Open-World KG

The official codes of Rethinking Knowledge Graph Evaluation Under the Open-World Assumption (NeurIPS 2022).

Main experiments

As the main part of experiments in our paper, we trained several models and test them on the artificial family tree KG. We need python=3.9 and the other environment requirements is shown in requirements.txt. The KG and the correlated version is in data/family_gene and data/family_gene_cor.

Our experiments need the complete training path for several models. To train the models and test them during training, run

python script/auto.py

for independent KG and

python script/auto_cor.py

for correlated KG.

In this script, we continuously detect the remaining GPU-Util and memory of the GPUs, and submit new tasks when there is remaining computing power, until all the given models have been run. You can set the excluded GPU ids in the script.

We use the codes at KGReasoning for the BetaE and kge-master for RotatE, ComplEx and pRotatE. We change the test process to test on both closed-world and open-world KGs.

The test results will be recorded in logs and logs_cor. Note that the process will be extremely time-consuming because we need to train tens of different models and test them frequently. The codes could spend about 20 GPU days. After all the models finish training, the complete training path is recorded in the Tensorboard file, then you can use the Jupyter Notebook visualization.ipynb to generate the figure which we show in the article.

Data generation

We provide our artificial FamilyTree KG in directory data. If you want to generate your own FamilyTree KG, you can follow the steps below.

1. Use the codes at Family tree data generator to generate the raw KG data. Please follow the instructions in this pages to generate the data. We use the following command to generate our KG.
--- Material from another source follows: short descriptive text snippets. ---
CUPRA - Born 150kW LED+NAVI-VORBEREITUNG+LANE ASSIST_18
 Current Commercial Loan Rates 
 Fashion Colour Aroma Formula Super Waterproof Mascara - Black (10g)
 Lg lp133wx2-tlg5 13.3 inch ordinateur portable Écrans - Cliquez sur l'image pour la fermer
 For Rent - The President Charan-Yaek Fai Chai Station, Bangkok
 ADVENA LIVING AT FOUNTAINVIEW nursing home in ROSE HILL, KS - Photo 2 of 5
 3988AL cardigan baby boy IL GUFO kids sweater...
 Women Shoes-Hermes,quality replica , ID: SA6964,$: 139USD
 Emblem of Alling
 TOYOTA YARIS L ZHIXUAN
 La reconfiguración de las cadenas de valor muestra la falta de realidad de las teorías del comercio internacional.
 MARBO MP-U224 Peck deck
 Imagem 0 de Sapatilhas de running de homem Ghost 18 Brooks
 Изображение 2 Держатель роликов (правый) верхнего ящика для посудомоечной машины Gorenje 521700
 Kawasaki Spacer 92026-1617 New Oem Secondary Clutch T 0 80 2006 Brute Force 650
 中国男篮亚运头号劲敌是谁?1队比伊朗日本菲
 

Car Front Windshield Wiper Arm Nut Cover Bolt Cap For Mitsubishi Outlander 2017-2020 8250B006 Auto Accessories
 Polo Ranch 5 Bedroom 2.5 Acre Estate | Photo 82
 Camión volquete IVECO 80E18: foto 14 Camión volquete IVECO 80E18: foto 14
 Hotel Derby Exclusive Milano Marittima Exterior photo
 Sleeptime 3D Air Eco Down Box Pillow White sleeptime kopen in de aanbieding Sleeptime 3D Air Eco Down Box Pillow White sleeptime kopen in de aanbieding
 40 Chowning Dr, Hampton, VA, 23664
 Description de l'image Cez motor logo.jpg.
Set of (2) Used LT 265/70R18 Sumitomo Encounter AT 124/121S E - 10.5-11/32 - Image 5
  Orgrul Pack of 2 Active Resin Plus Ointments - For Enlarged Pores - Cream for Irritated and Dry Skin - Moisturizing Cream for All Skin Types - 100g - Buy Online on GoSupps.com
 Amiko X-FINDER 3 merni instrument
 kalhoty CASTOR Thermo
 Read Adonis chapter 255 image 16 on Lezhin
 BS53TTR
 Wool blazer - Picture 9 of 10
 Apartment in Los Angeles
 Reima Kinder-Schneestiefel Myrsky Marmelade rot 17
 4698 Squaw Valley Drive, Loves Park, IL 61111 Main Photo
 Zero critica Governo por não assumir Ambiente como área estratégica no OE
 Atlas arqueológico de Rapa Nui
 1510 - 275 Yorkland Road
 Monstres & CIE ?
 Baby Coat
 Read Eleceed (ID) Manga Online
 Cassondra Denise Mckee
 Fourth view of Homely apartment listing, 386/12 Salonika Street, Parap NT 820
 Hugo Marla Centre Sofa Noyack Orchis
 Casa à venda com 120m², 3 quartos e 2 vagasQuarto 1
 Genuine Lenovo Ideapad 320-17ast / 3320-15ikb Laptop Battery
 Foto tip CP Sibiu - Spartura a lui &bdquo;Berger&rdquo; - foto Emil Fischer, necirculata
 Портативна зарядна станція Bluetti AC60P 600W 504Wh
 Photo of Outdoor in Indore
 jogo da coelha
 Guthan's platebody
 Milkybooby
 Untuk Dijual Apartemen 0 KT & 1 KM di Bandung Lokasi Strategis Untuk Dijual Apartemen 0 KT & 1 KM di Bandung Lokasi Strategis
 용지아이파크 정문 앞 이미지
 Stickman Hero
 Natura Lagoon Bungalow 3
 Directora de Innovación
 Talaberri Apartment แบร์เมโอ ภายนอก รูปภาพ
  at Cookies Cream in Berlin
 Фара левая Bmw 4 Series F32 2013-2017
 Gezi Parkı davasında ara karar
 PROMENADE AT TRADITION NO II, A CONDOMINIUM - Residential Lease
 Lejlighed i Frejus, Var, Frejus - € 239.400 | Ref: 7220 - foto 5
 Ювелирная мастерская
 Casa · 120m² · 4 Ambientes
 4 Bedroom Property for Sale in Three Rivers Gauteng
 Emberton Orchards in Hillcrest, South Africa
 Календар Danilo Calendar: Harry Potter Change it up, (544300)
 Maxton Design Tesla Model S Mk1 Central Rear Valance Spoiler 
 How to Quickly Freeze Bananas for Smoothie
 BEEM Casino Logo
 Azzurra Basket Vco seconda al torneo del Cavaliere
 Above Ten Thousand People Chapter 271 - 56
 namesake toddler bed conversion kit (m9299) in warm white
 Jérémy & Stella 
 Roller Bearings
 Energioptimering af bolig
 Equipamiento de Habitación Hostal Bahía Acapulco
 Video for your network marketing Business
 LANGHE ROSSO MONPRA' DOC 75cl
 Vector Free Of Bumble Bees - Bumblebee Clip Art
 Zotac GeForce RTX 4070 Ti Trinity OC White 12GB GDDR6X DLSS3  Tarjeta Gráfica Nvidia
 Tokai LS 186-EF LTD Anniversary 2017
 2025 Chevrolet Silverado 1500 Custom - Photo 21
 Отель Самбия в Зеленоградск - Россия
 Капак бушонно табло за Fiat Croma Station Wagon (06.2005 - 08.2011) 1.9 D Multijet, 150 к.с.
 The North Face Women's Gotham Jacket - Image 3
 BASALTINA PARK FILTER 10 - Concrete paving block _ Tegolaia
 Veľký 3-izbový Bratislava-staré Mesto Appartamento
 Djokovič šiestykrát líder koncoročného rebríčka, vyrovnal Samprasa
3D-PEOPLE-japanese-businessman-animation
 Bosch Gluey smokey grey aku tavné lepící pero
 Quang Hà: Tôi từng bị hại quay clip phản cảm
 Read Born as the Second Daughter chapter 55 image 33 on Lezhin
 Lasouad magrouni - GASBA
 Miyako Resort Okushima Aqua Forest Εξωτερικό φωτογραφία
   sh run-data-gen.sh path/to/dlv --max-branching-factor 20 --max-tree-depth 3 --max-tree-size 300 --num-samples 20 --stop-prob 0

2. Change the path in data_generate/reform_to_raw.py to the output directory of the previous step. Then run

   python data_generate/reform_to_raw.py

   to generate the KG data in the format of data/family_gene. The output file is a .txt file and each line is a triple in the format of <head> <relation> <tail>.

3. Split the training and test graph, queries and answers. Run

   python data_generate.py --path PATH --loadname FILENAME --sparse 95 85 75 65 --thre 10 --test_queries 500

   and you can look for more information by running

   python data_generate.py --help

4. We also provide the codes to re-format the generated data to the format of KGReasoning models and kge-master models. You can run

   python reform.py --sparse 95 85 75 65 --type q2b

   to KGReasoning format and

   python reform.py --sparse 95 85 75 65 --type transe

   to kge-master format.

   Note that the KGReasoning needs a stat.txt file to record the statistics of the KG. You need to create the file and write the following information in it.

   numentity: NUM_OF_ENTITIES
   numrelation: NUM_OF_RELATIONS
   

5. We generate the correlated FamilyTree KG using the prediction given by a trained KGC model. Once you have a checkpoint, you can follow the procedure in data_generate/cor_generate/cor_generate.ipynb to generate the correlated KG.

Other experiments

There are several auxiliary experiments in our article.

Visualize the prediction

The codes to generate the detailed prediction report on FB15k237 are shown in other_experiments/report. When you have a checkpoint of a KGReasoning model (Q2B, BetaE) trained on FB15k237, you can run

python other_experiments/report/report.py --data_path PATH_TO_DATA --model_path PATH_TO_CHECKPOINT --detail --cuda

to generate the report. And you can use the Jupyter Notebook other_experiments/report/name.ipynb to find what objection the index refers to.

The program need the file fb2w.nt and you should firstly unzip the fb2w.zip to get the file.

Note the process is also time-consuming. We provide the detailed report which we generated in other_experiments/report/report/output.txt.

Numerical simulation

The codes are in other_experiments/simulation. Firstly, run

python other_experiments/simulation/simu.py

to simulate the event in independent situation and then save the simulating results in a .pkl file. And use the Jupyter Notebook other_experiments/simulation/visual.ipynb to generate the figures.